Magazine publishers see print sales boost due to coronavirus
Magazine publishers got an unexpected boost to their newsstand sales last month — thanks to all the coronavirus panic buying, Media Ink has learned.
Executives at a slew of publishers, including Condé Nast, Meredith and Hearst, say COVID-19 hoarding actually helped boost March sales as shoppers looking to buy whatever they might need to shelter in place added glossies into their carts.
“Sales were up across our portfolio from supermarkets, Target and Walmart,” Doug Olson, the president of People and In Style parent Meredith Magazines, said of sales in the second and third week of March.
In the last week of March — as more states began enacting stay-at-home orders on a rolling basis and store foot traffic declined — sales slowed, Olson said. Still, the earlier lift led to unexpectedly strong newsstand sales in March, he said.
One source said mag sales across the industry jumped 3 percent in mid-March at Target and Walmart — and a whopping 12 percent at supermarkets.

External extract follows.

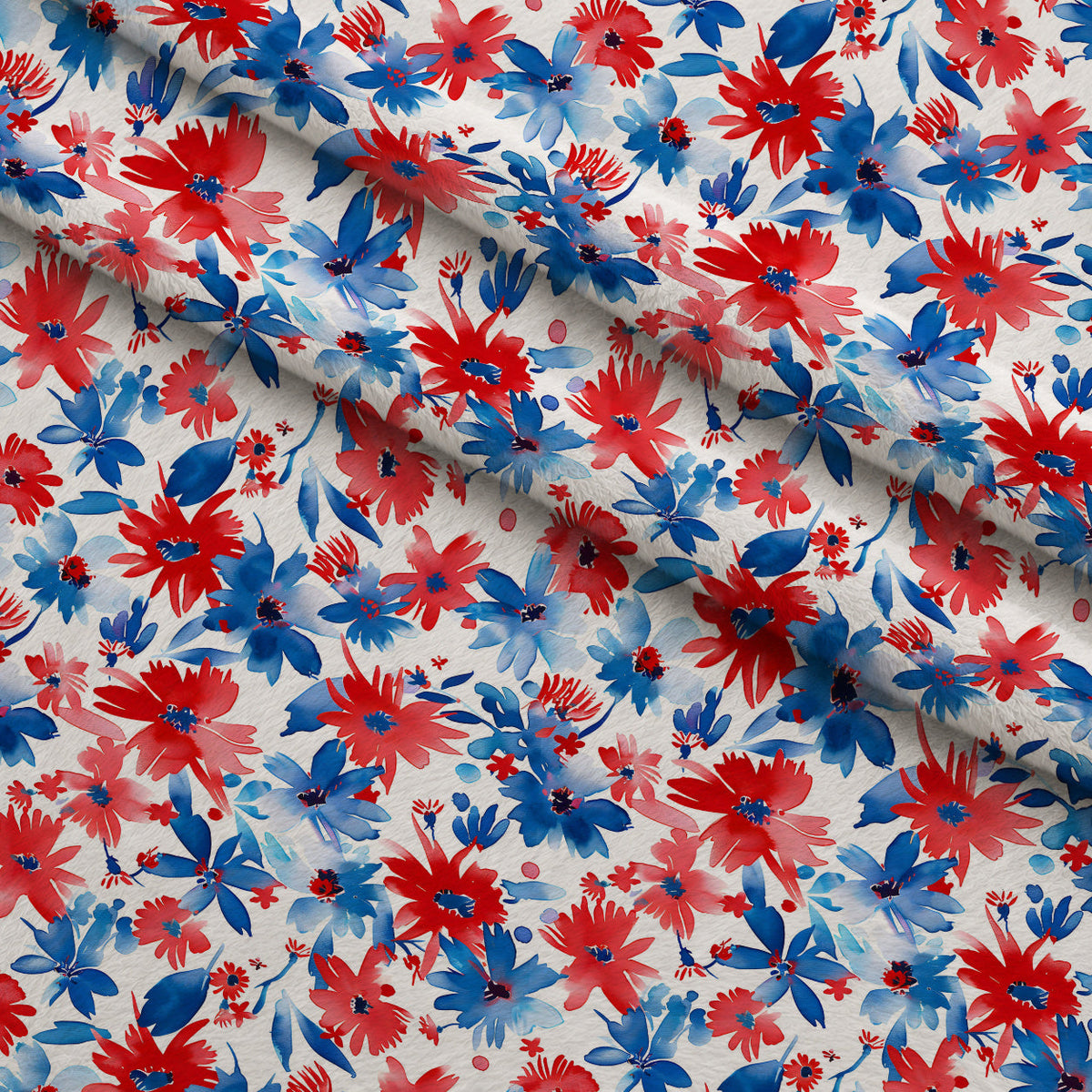 Freedom Petals Pattern 18 Fleece Fabric — fleece fabric folded close-up preview (mv-fleece-v1:lying)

“We’ve seen similar numbers,” said a spokesman for Condé Nast, publisher of The New Yorker and Vogue.
Hearst, which counts Cosmopolitan as its biggest newsstand title, also saw an uptick in newsstand sales in mid-March, according to Troy Young, president of Hearst Magazines. “I think subscriptions have been strong for everybody,” he said.
One recent survey said 70 percent of consumers are worried about printed magazines carrying the virus, but mag executives told Media Ink that shelter-in-place orders have boosted both their print and digital subscriptions.
“Eighty five percent of all our magazines are delivered in polybags, so it has not been touched by anyone,” Olson said. “Renewals have been strong,” he added.
Meredith’s direct-mail campaigns, hatched long before the coronavirus took hold but mailed during the crisis, have also helped, Olson said.
Young at Hearst said digital traffic, even for the lifestyle and fashion titles, has been up “30 percent year over year.” Still, he might tinker with print frequencies down the road, primarily because advertising is a big question mark.
“What’s not holding up for anybody is advertising,” said Young. “How much will it be down — 10 percent, 20 percent, 30 percent?”
Monthly magazines had already sold the ads for the May issues prior to the pandemic, so the slowdown is expected to start showing in the June issues. Some advertisers have pulled back completely, while others are trying to recalibrate their messages.
“The thing that will be really hard is if it extends into the fourth quarter,” Young said.